Die Durchsuchungsansordnung hätte im schlimmsten Fall dazu geführt, dass die Polizei die ganzen Rechner meiner Mandantin einpackt, auswertet – und das Ergebnis dann in die Ermittlungsakte kommt. Am besten noch mit allen Geschäftsgeheimnissen meiner Mandantin – sicherlich sehr zur Freude der Konkurrenzfirma, welche die Strafanzeige gegen ihren früheren Mitarbeiter erstattet hat.
Der gesamte Sachverhalt beruhte auf bloßer Spekulation. Vor allem jener Teil, wonach der neue Angestellte die möglicherweise entwendeten Daten in seine neue Firma mitgebracht habe und sie – über seinen Arbeitsplatz hinaus – verwende.
Im Gegensatz zur Richterin, die an ihrem Beschluss festhielt, hat das Landgericht die Problematik erkannt. Die Strafkammer erklärte die Durchsuchung für rechtswidrig, soweit sie über den Arbeitsplatz des neuen Mitarbeiters hinausging.
Aus den Gründen:
Auf die Beschwerde … wird festgestellt, dass der Beschluss insoweit rechtswidrig war, als er die Durchsuchung der Geschäftsräume der Beschwerdeführerin auch über den Arbeitsplatz des Beschuldigten hinaus anordnete.
Die Kosten des Beschwerdeverfahrens und die insoweit entstandenen notwendigen Auslagen der Beschwerdeführerin werden der Staatskasse auferlegt.

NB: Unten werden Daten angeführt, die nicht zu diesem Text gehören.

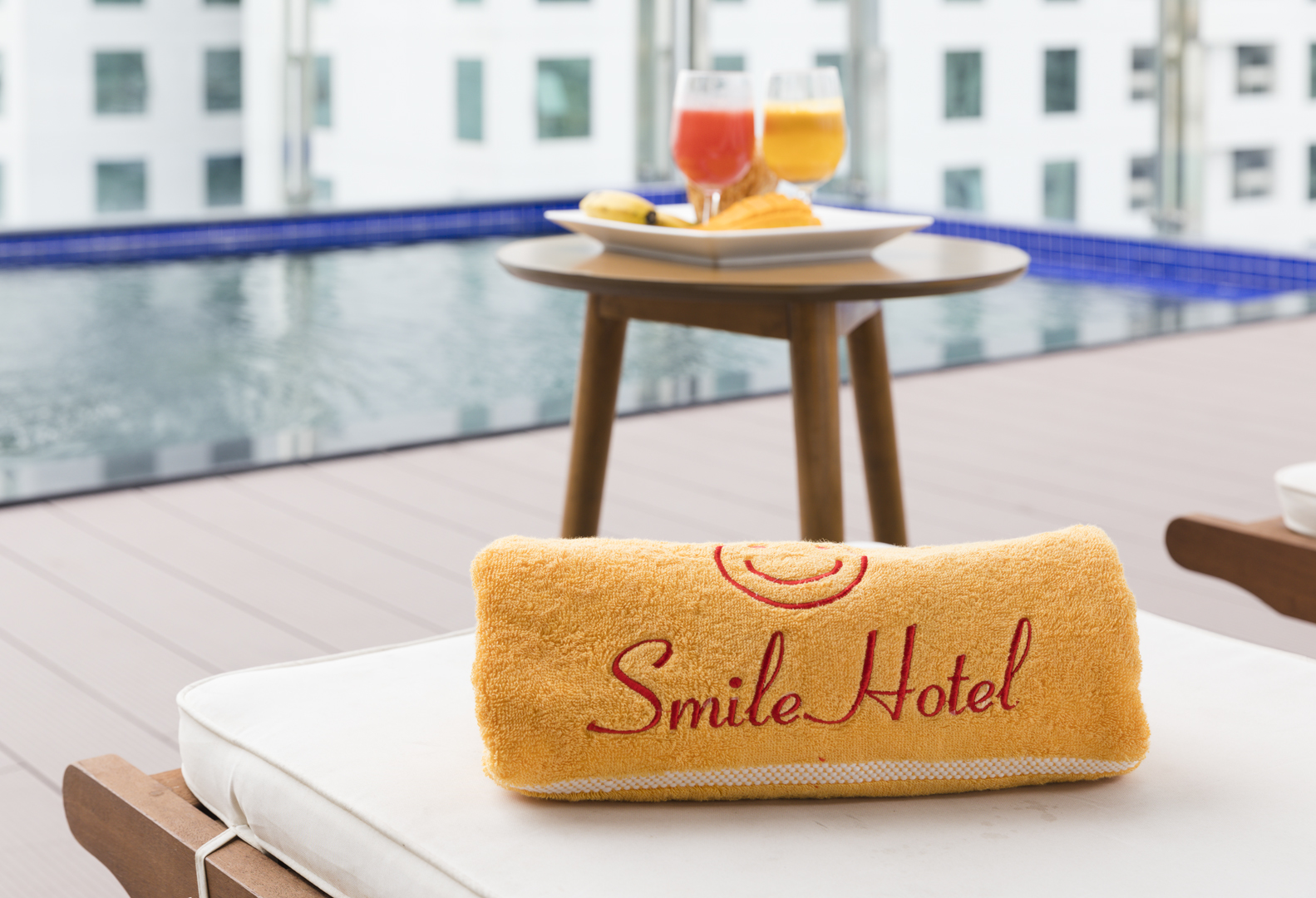 Smile hotel. Отель smile Вьетнам. Отель Смайл Нячанг. Smile Hotel 3*. Отель улыбка счастья.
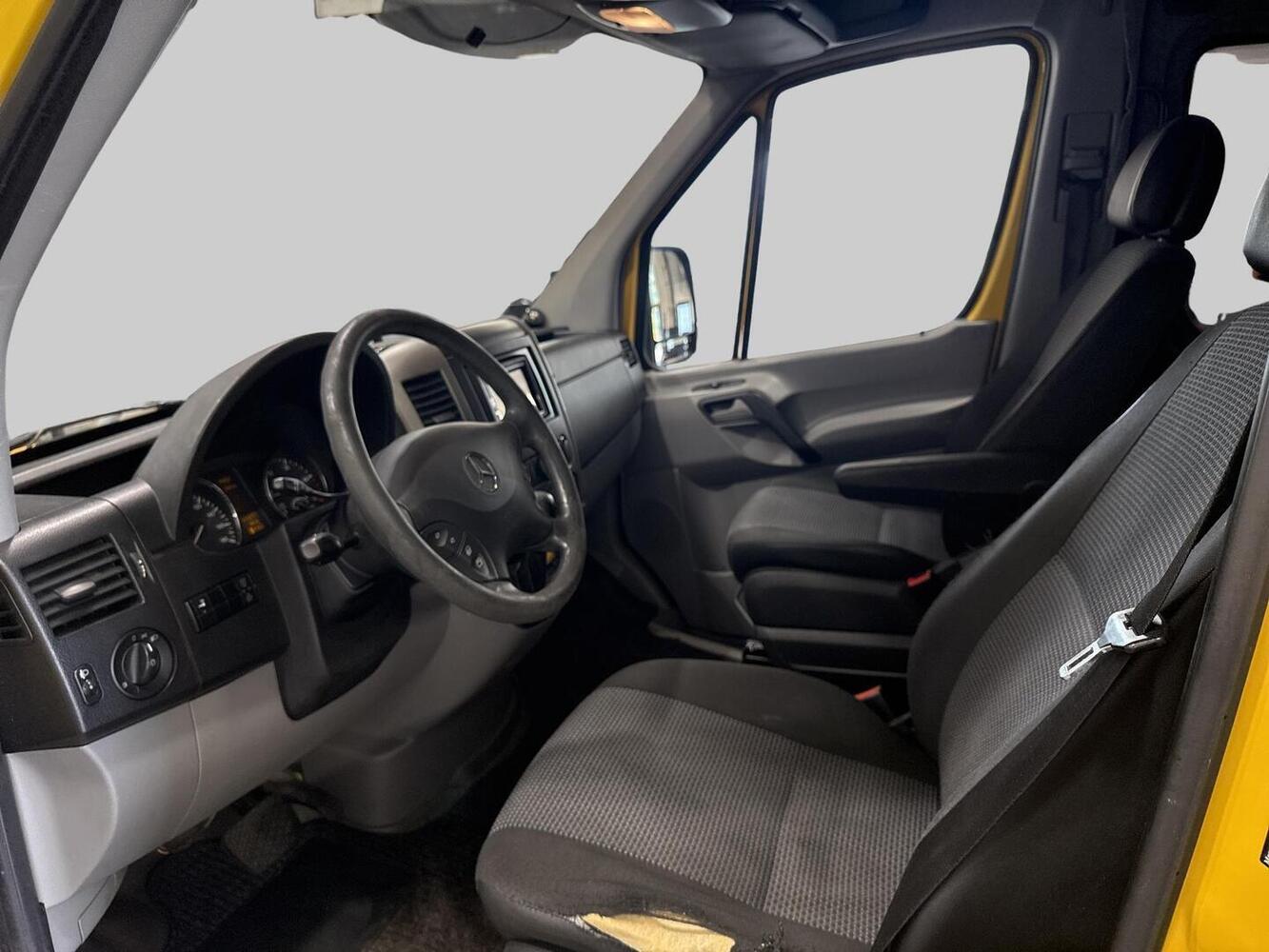 Mercedes-Benz Sprinter vaihtoauto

Mit dem angefochtenen Beschluss hat das Amtsgericht unter anderem die Durchsuchung der Geschäftsräume der Beschwerdeführerin angeordnet. Dies hat das Gericht damit begründet, dass zu vermuten sei, dass die Durchsuchung zur Auffindung von Beweismitteln gegen den Beschuldigten, namentlich von weitergeleiteten Dateien beziehungsweise Ausdrucken von Dateien führen werde, die als Beweismittel für das Verfahren von Bedeutung seien und der Beschlagnahme unterlägen.
Die Durchsuchung der Geschäftsräume der Beschwerdeführerin ist am 27. September 2010 durchgeführt worden. Am 29. September 2010 hat sie Beschwerde eingelegt, soweit der Beschluss des Amtsgerichts die Durchsuchung ihrer Geschäftsräume auch über den Arbeitsplatz des Beschuldigten hinaus anordnete.
Die Beschwerde ist zulässig und begründet. …
Soweit das Amtsgericht in dem angefochtenen Beschluss vom 2. August 2010 die Durchsuchung der Geschäftsräume der Beschwerdeführerin über den Arbeitsplatz des Beschuldigten hinaus angeordnet hat, fehlte es hierfür an dem Vorliegen der tatbestandlichen Voraussetzungen des maßgeblichen § 103 StPO.
Die tatbestandlichen Voraussetzungen des § 103 StPO waren nach Aktenlage nicht erfüllt, denn es lagen zwar auf kriminalistischer Erfahrung basierende Vermutungen, aber keine Tatsachen (vgl. Meyer-Goßner, StPO, § 103 Rn 6 m.w.N.) vor, aus denen zu schließen war, dass sich – über den Arbeitsplatz des Beschuldigten hinaus – die gesuchte Spur in den zu durchsuchenden Räumen befand.
Soweit in dem angefochtenen Beschluss angeführt wird, dass der Beschuldigte nach dem gegenwärtigen Ermittlungsstand Geschäftsgeheimnisse, insbesondere Auftragsbestätigungen, an seine private Email-Adresse versandt habe, so stellt dies keine Tatsache dar, aus der sich darauf schließen ließ, diese Daten befänden sich – über den Arbeitsplatz des Beschuldigten hinaus – nunmehr in den Räumlichkeiten der Beschwerdeführerin. Dies ließ sich lediglich vermuten.
Auch der Umstand, dass der Beschuldigte entgegen seinen früheren Angaben gegenüber seinem früheren Arbeitgeber zu einem direkten Konkurrenten seines früheren Arbeitgebers gewechselt war, stellte keine Tatsache dar, aus der zu schließen war, dass sich die gesuchten Daten in den Geschäftsräumen der Beschwerdeführerin befanden. Vielmehr begründeten diese Erwägungen – dies ergibt sich auch aus den Ausführungen des Amtsgerichts – lediglich eine Vermutung, die jedoch für die Bejahung der Voraussetzungen des § 103 StPO (objektivierbare Tatsachen) nicht ausreichte.